Unlocking the power of asyncio Semaphore
When building asynchronous applications, oftentimes you need to limit the number of simultaneous connections to a shared resource. It can be your internal server, or an API that has usage limits.
asyncio
library provides a dedicated synchronization primitive Semaphore
created exactly for this purpose. However, let’s first try to solve this problem without using it, in order to fully appreciate the value of this mechanism.

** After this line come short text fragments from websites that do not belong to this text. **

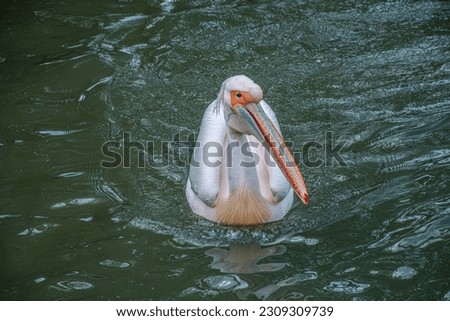 pelican water bird in ZOO Hluboka Czech republic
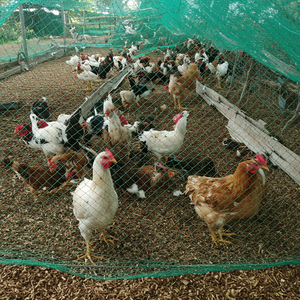 <strong>1</strong> Inch Plastic Chicken <strong>Netting</strong> for Poultry Farms and <strong>Gardens</strong> Protective Fence for Breeding Customizable Cutting Service - Product Image 2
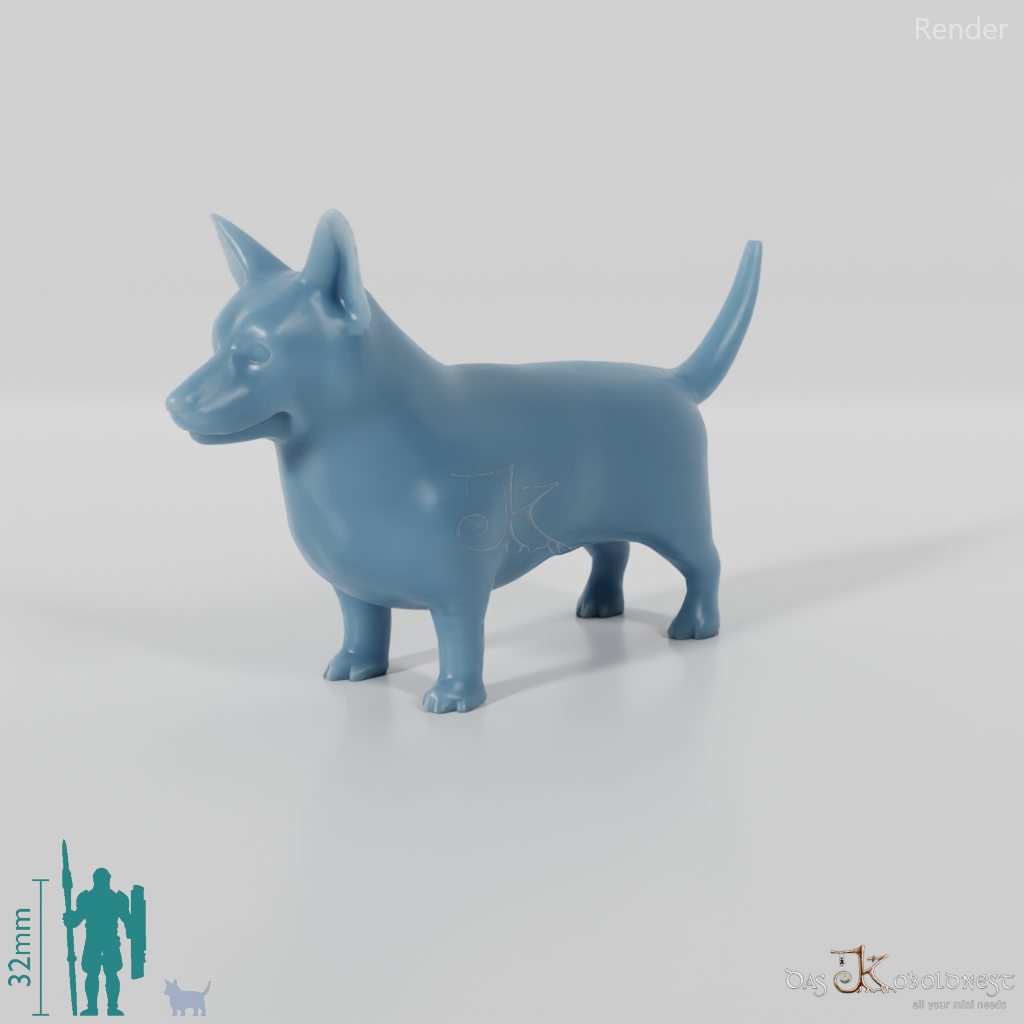 Hund - Corgi 01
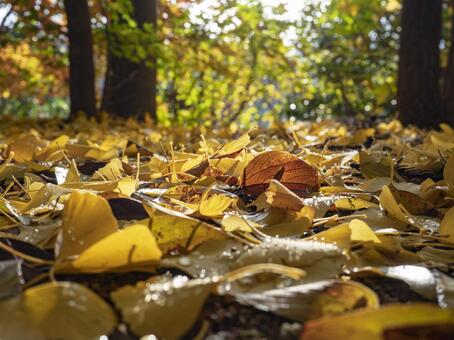 木漏れ日に輝く秋の落ち葉 落ち葉,イチョウ,黄葉の写真素材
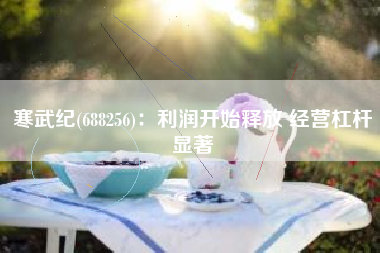 寒武纪(688256)：利润开始释放 经营杠杆显著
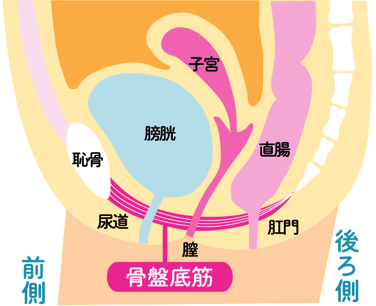 エッチの後 尿が痛い】オシッコが痛い・尿道がチクチクする膀胱炎によく似た性病とは – サコダ・レディースクリニック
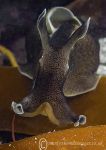 Sea Hare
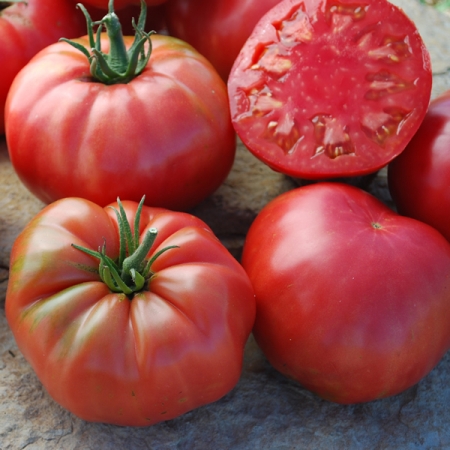 TOMATO CASPIAN PINK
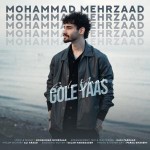 دانلود آهنگ گل یاس از محمد مهرزاد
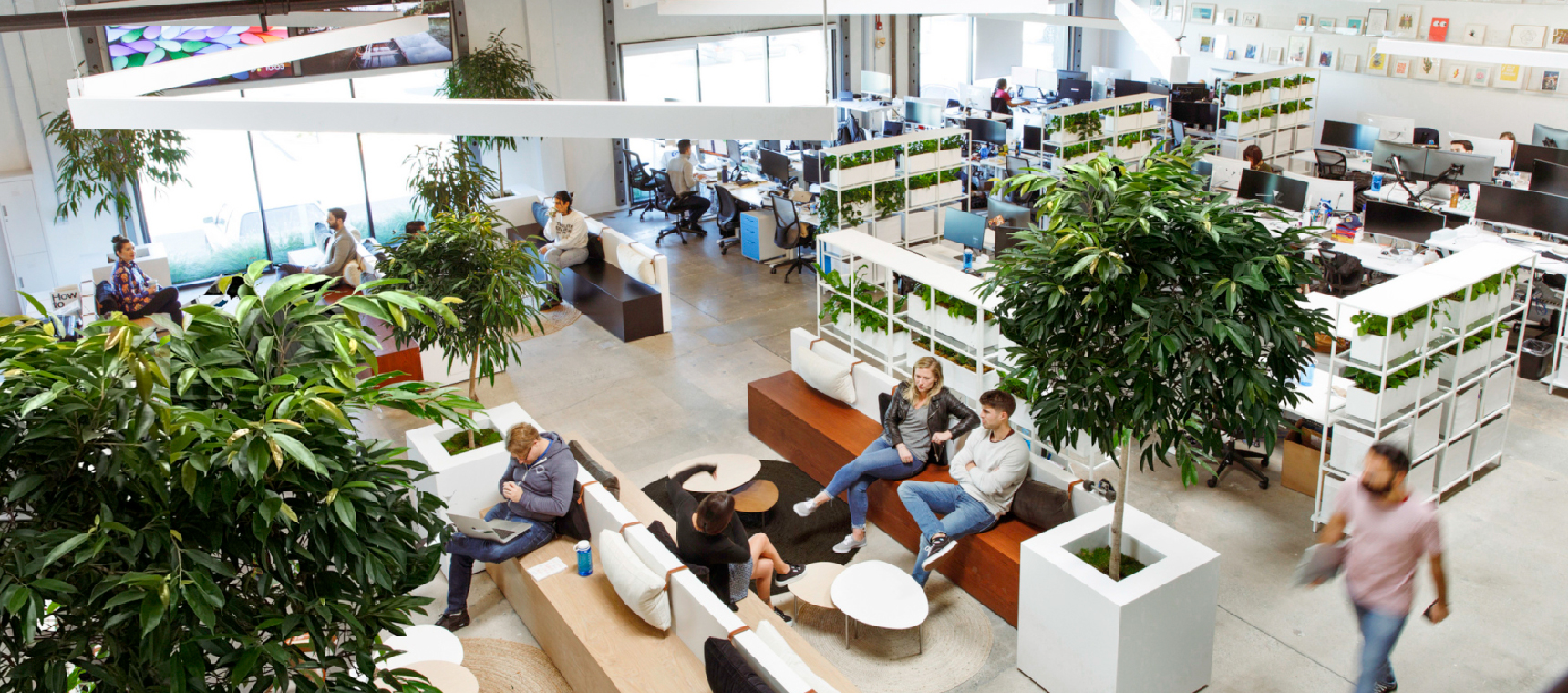 Calibro Workspace Office Design and Fitout Specialists - Office Snapshots — goguardian-offices-el-segundo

We can limit the number of simultaneous connections by using a counter
variable that will be incremented whenever we start making a request and decremented when we receive our response. Let’s look at the example code:
import asyncio
import aiohttp
URL = "https://google.com/"
connections = 0
connections_limit = 3
async def make_request(session: aiohttp.ClientSession):
global connections
while connections >= connections_limit:
await asyncio.sleep(0.1)
connections += 1
async with session.get(URL) as response:
await response.text()
connections -= 1
async def main():
async with aiohttp.ClientSession() as session:
await asyncio.gather(*(make_request(session) for _ in range(10)))
asyncio.run(main())
You may have guessed that this code has a problem - it allows possible race conditions when multiple coroutines
try to concurrently mutate our connections
variable. This can lead to inaccurate connections counting. We can fix that by introducing a Lock
:
import asyncio
import aiohttp
URL = "https://google.com/"
connections = 0
connections_limit = 3
connections_lock = asyncio.Lock()
async def make_request(session: aiohttp.ClientSession):
global connections
while connections >= connections_limit:
await asyncio.sleep(0.1)
async with connections_lock:
connections += 1
async with session.get(URL) as response:
await response.text()
async with connections_lock:
connections -= 1
async def main():
async with aiohttp.ClientSession() as session:
await asyncio.gather(*(make_request(session) for _ in range(10)))
asyncio.run(main())
Now the connections_lock
ensures that only a single coroutine
can mutate the connections
variable at any moment in time. Even though this example now works, the code is far from being beautiful. It can however be simplified significantly by using the above mentioned Semaphore
primitive:
import asyncio
import aiohttp
URL = "https://google.com/"
connections = 0
sem = asyncio.Semaphore(3)
async def make_request(session: aiohttp.ClientSession):
async with sem:
async with session.get(URL) as response:
await response.text()
async def main():
async with aiohttp.ClientSession() as session:
await asyncio.gather(*(make_request(session) for _ in range(10)))
asyncio.run(main())
This code does pretty much the same job as the example with the Lock. asyncio.Semaphore
automatically blocks the execution of the coroutine
if the number of currently acquired locks that were not released exceeds the specified capacity.